[Provided data]

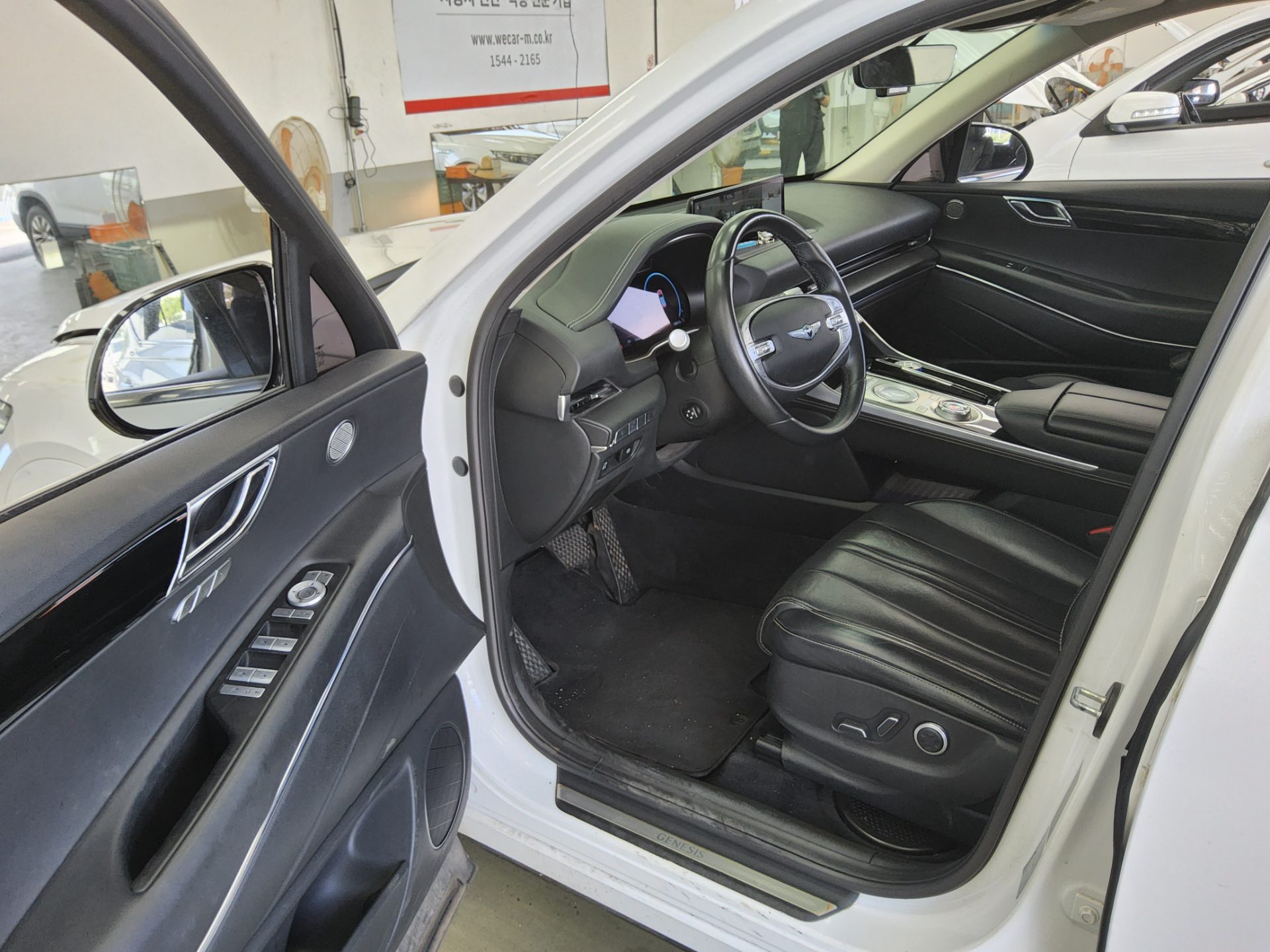 2020 - genesis gv80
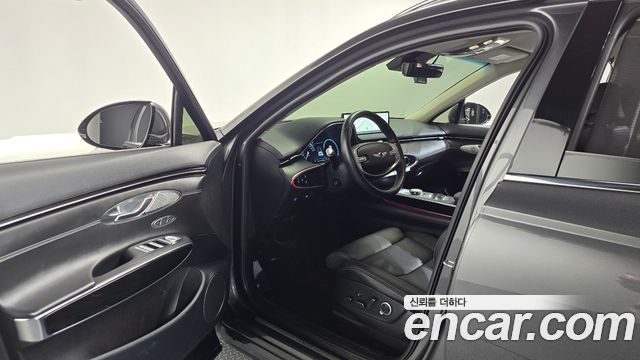 Genesis GV70 2022 — photo 13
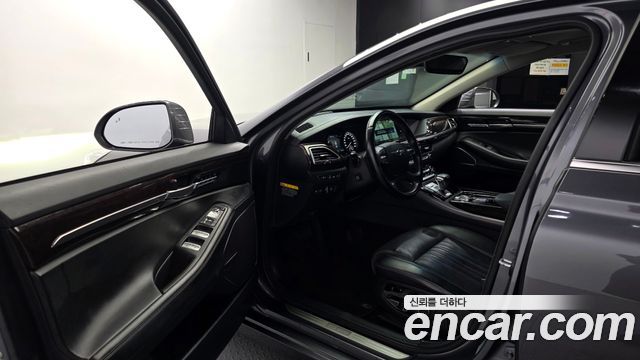 Genesis EQ900 2016 — photo 13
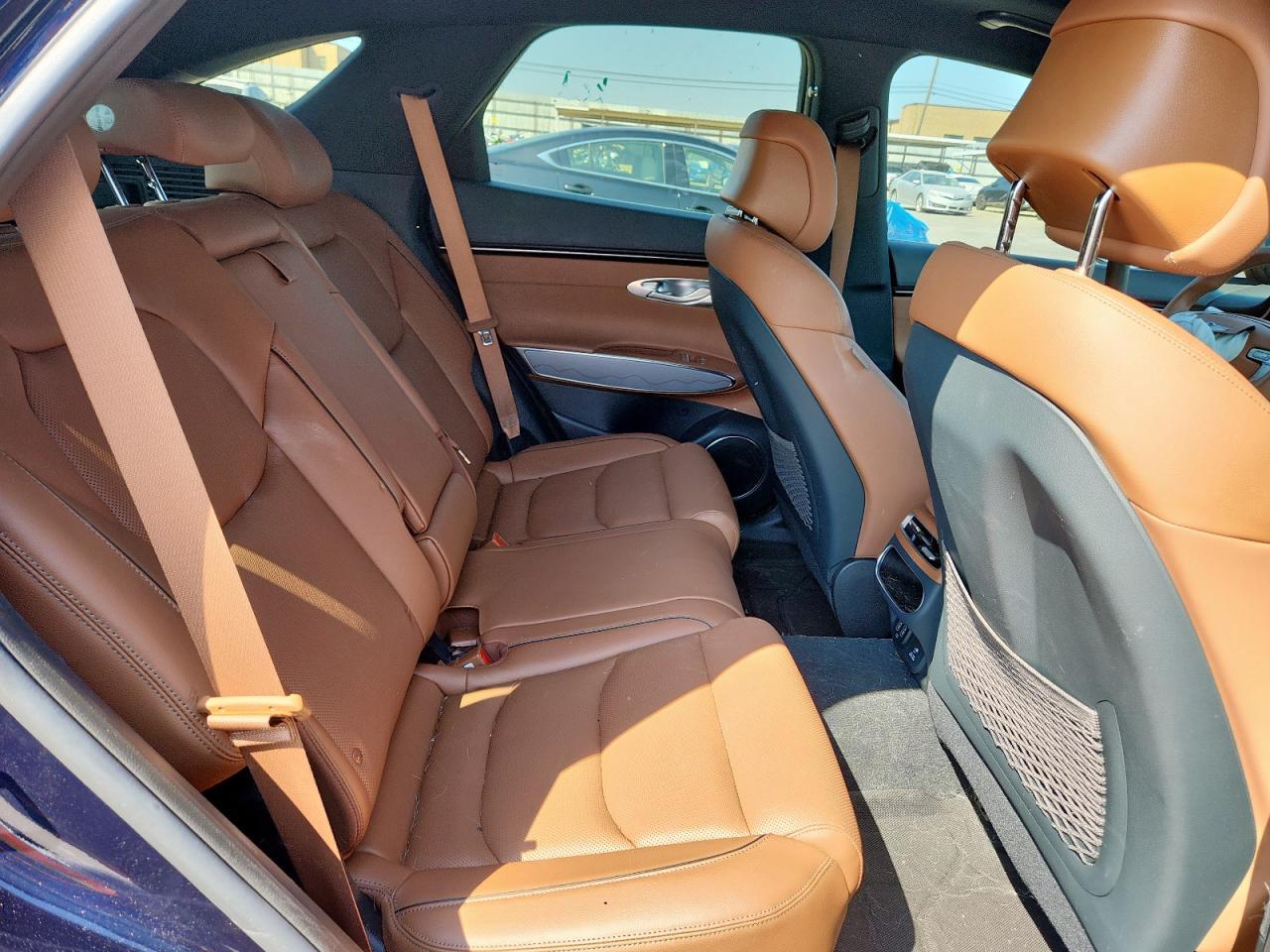 2025 GENESIS GV70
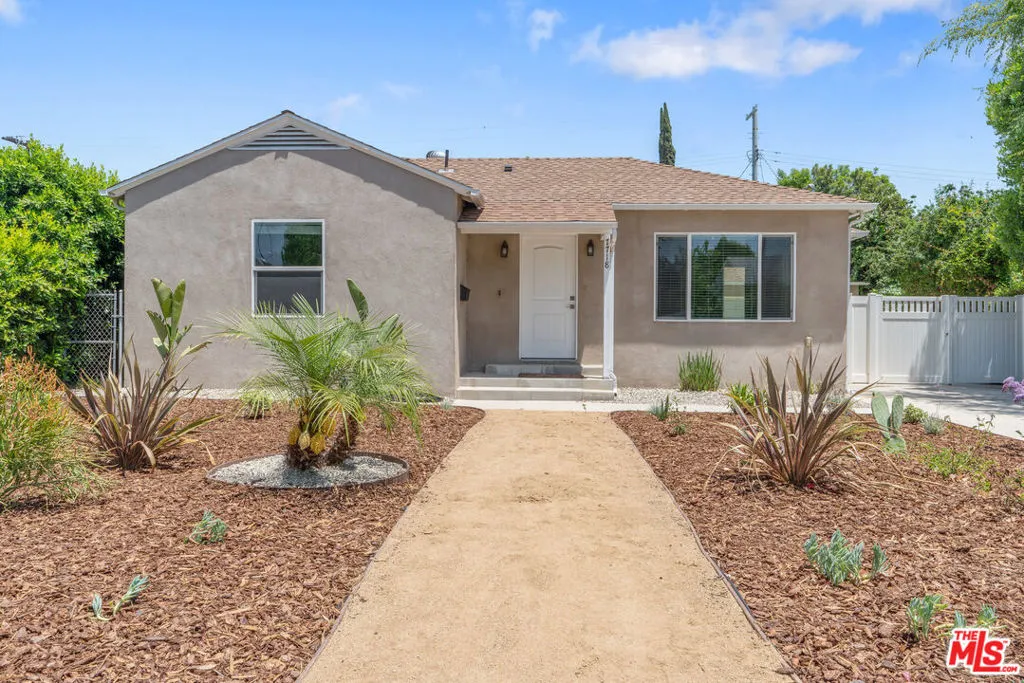 7718 Genesta Avenue, Van Nuys, California 91406 home-pic-1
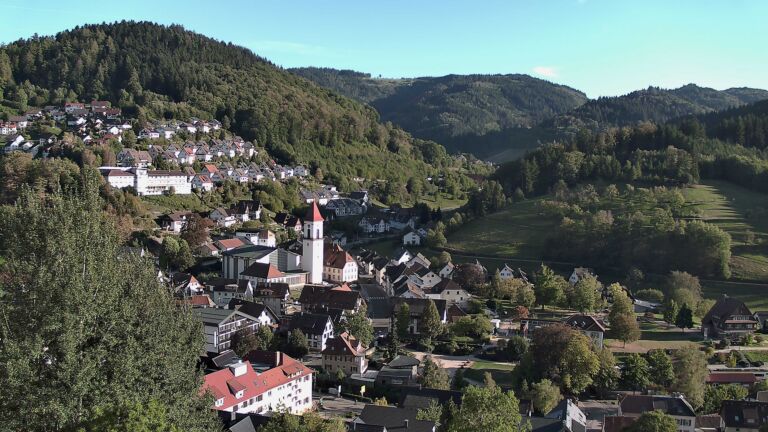 Dieses Bild zeigt eine Webcam-Aufnahme von Ottenhöfen, aufgenommen am Mittwoch, den 23.09.2026 um 17:40 Uhr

[/Provided data]

Copy the records exactly. Skip the images.

 2020 - genesis gv80
 Genesis GV70 2022 — photo 13
 Genesis EQ900 2016 — photo 13
 2025 GENESIS GV70
 7718 Genesta Avenue, Van Nuys, California 91406 home-pic-1
 Dieses Bild zeigt eine Webcam-Aufnahme von Ottenhöfen, aufgenommen am Mittwoch, den 23.09.2026 um 17:40 Uhr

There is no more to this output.